Ce diagnostic s'intéresse à la situation précise du dirigeant : est-il indispensable à l'entreprise ? Il s'agit d'évaluer les conséquences de son départ sur le comportement de ses collaborateurs et sur la vie de l'entreprise. Son degré de responsabilités et de leadership va impacter clairement sur le déroulement de la phase d'intégration du repreneur.

Le candidat à la reprise étudie d'autre part la situation et le niveau de responsabilités de chaque employé, en consultant l'organigramme et le dossier personnel de chacun, comprenant un CV et différents documents liés à leur vis professionnelle (CV, formations, absences, avertissement...). Il doit particulièrement tenir compte de l'ancienneté des salariés, des primes diverses et des avantages sociaux. Le turnover au sein des équipes constitue aussi un indice important.

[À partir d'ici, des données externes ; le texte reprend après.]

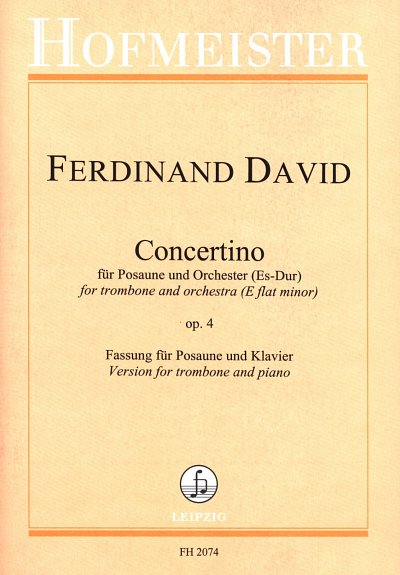 F. David: Concertino Es-Dur op.4 für Posaune und Or, PosKlav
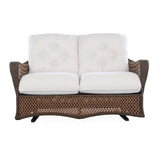 Grand Traverse Patio Loveseat Glider Set With Tables Outdoor Lounge Sets LOOMLAN By Lloyd Flanders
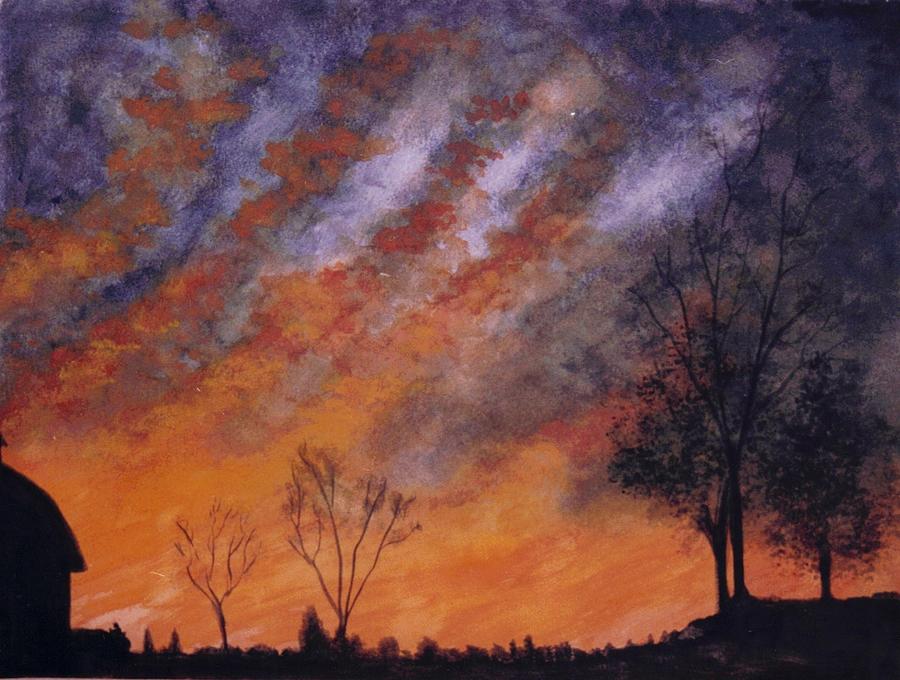 Midwest Sunset Painting by Stacy C Bottoms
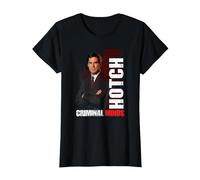 Criminal Minds Hotch Maglietta, Donna, Nero, S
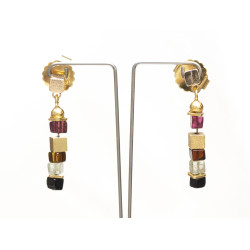 Modell 118a: Turmalinwürfel als Ohrschmuck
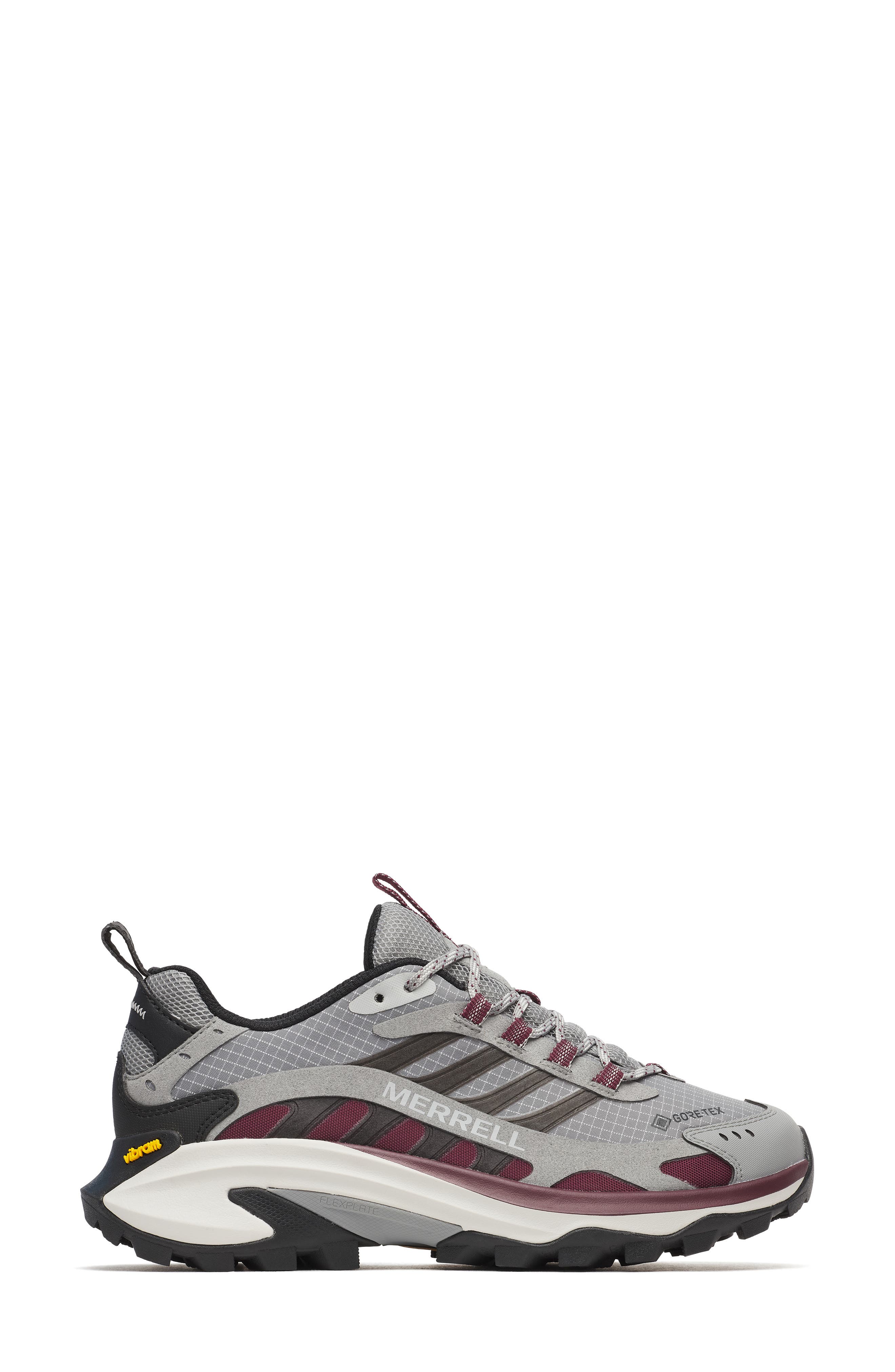 Moab Speed 2 GTX Hiking Shoe, Alternate, color, CEMENT/ CHERRY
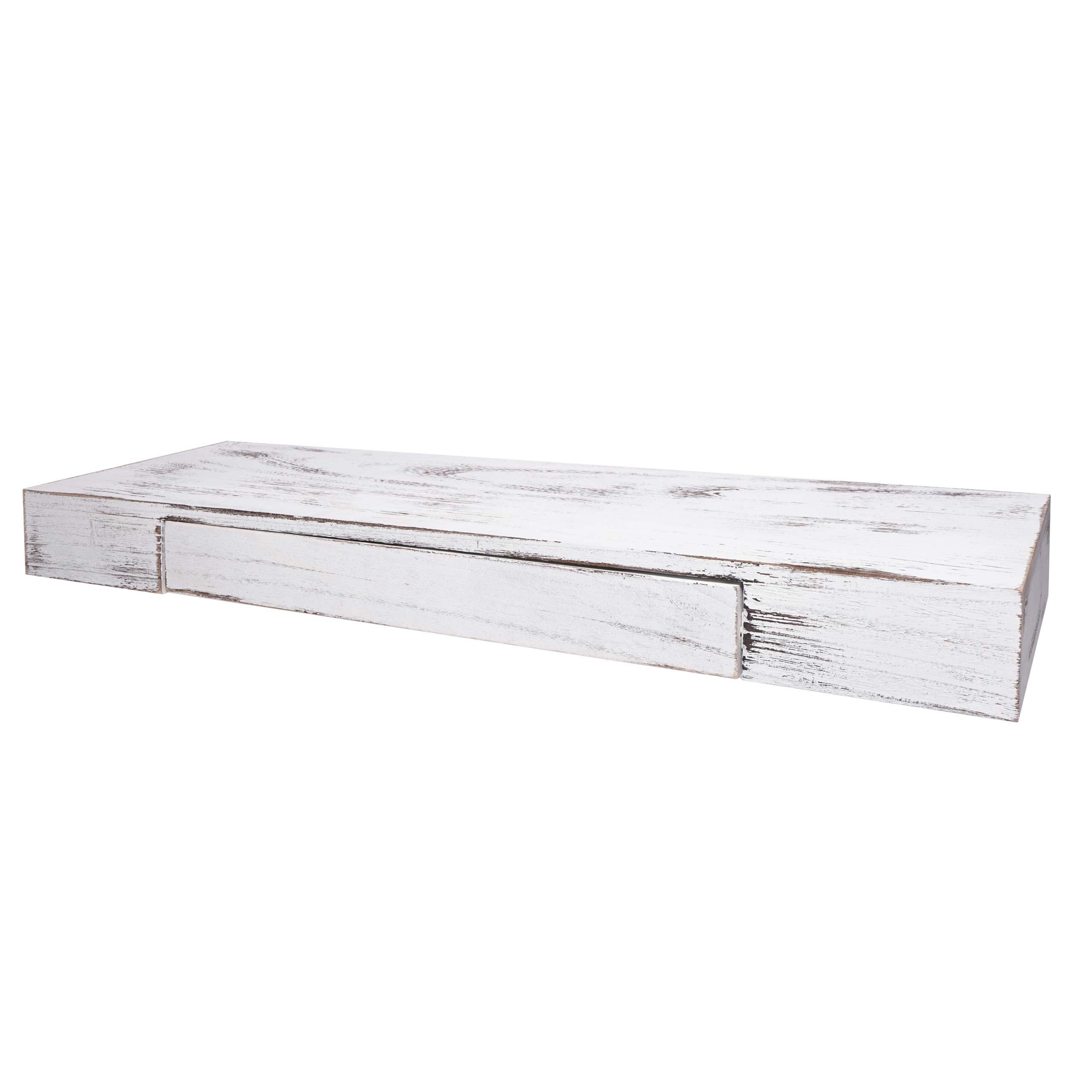 WANDREGAL SCHUBLADE Reinweiß - Weiß, Holz (80/8/25cm) - MCW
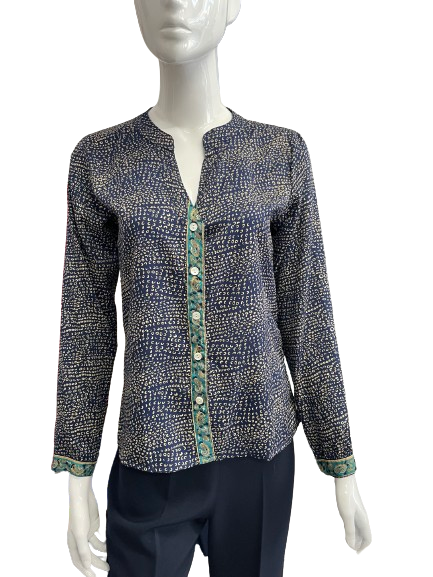 Chemisier marine imprimé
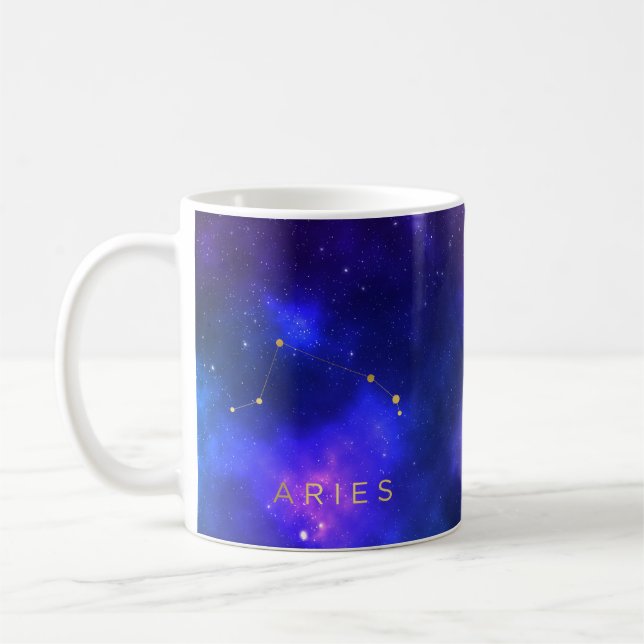 Caneca de café personalizada Aries (Esquerda)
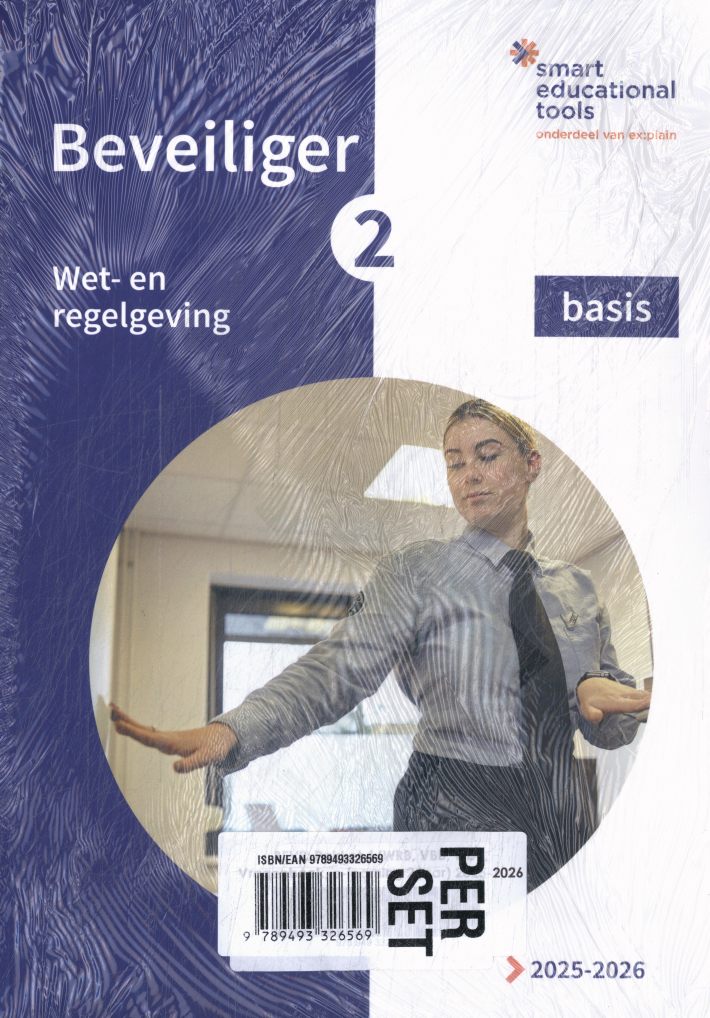 Beveiliger 2: pakket 4 (WRB, VBB, WDR, vragenboek en Smart-e-learning licentie 2 jaar)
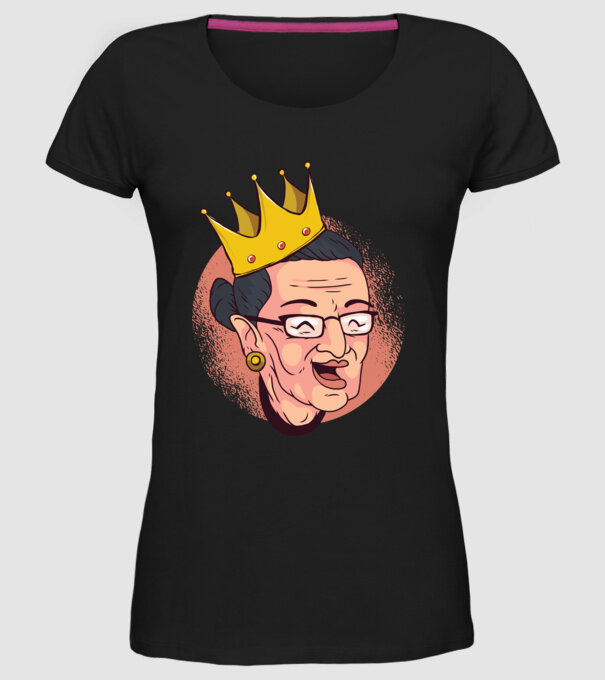 Ruth Bader Ginsburg model negru pe tricou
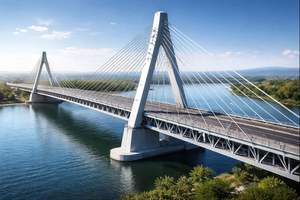 Pont suspendu en acier robuste avec services de soudage, de découpe et de pliage - Product Image 2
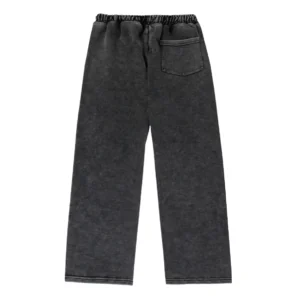 Godspeed Washed Studded Logo Sweatpants Black
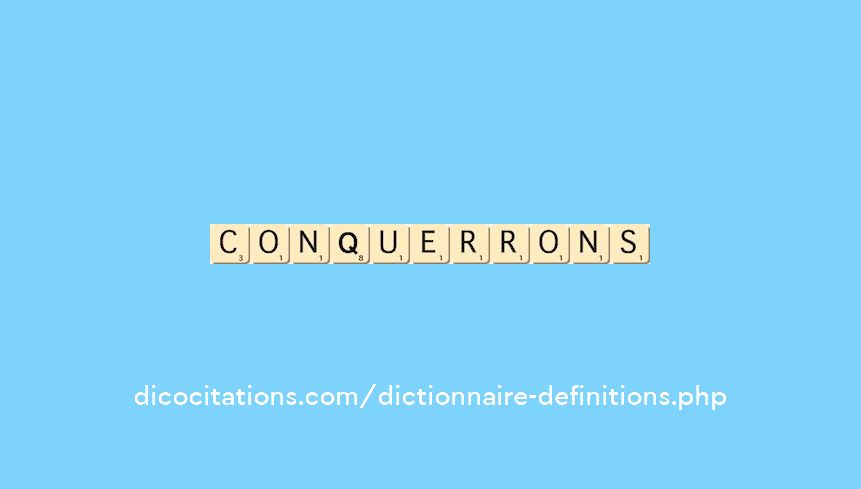 conquerrons conquerrons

Comme nous l'avons vu précédemment, une première mesure du climat social peut être réalisée avant la visite de l'entreprise et la rencontre des salariés, par l'étude de la personnalité du dirigeant et l'évolution de la relation cédant/repreneur.

Concernant la troisième mesure, les interviews réalisées nous permettent d'affirmer que très peu de repreneurs cernent l'évolution du climat social qui règne dans l'entreprise au cours des mois précédents l'opération. Cette information est pourtant en effet très utile dans la mesure où elle représente la relation cédant/repreneur, base du contexte de l'arrivée du repreneur dans l'entreprise.

Le repreneur doit obtenir, au terme du diagnostic social, une vision claire des compétences de l'effectif, des capacités d'évolution, mais aussi des difficultés potentielles. Il doit évaluer l'évolution possible de l'effectif, au niveau quantitatif et qualitatif. En accord avec la stratégie visée, il est possible d'en déduire de prochains coûts en terme de formation.

Le diagnostic juridique devra confirmer que les contrats de travail sont en règle et qu'aucune action de justice n'a été entamée, en particulier à la Chambre Prud'homale.

Chaque partie aborde l'entreprise d'un point de vue particulier, leur méthode d'évaluation diffère donc. Leurs motivations divergentes vont aussi impacter sur l'estimation de sa valeur.

3. Première évaluation de l'entreprise.

Le déroulement d'une transmission/reprise de petite entreprise est perturbé par la présence d'asymétries d'information, qui entraîne souvent une fixation du prix de vente basée sur une évaluation des actifs intangibles variable. Lors de l'opération, le cédant est mieux informé que l'acquéreur sur les performances présentes de l'entité, et sur celles potentielles dans l'avenir proche. Il a donc intérêt à ne pas divulguer certaines données qui peuvent faire diminuer son prix de vente, ce qui arrive finalement régulièrement, consciemment ou inconsciemment.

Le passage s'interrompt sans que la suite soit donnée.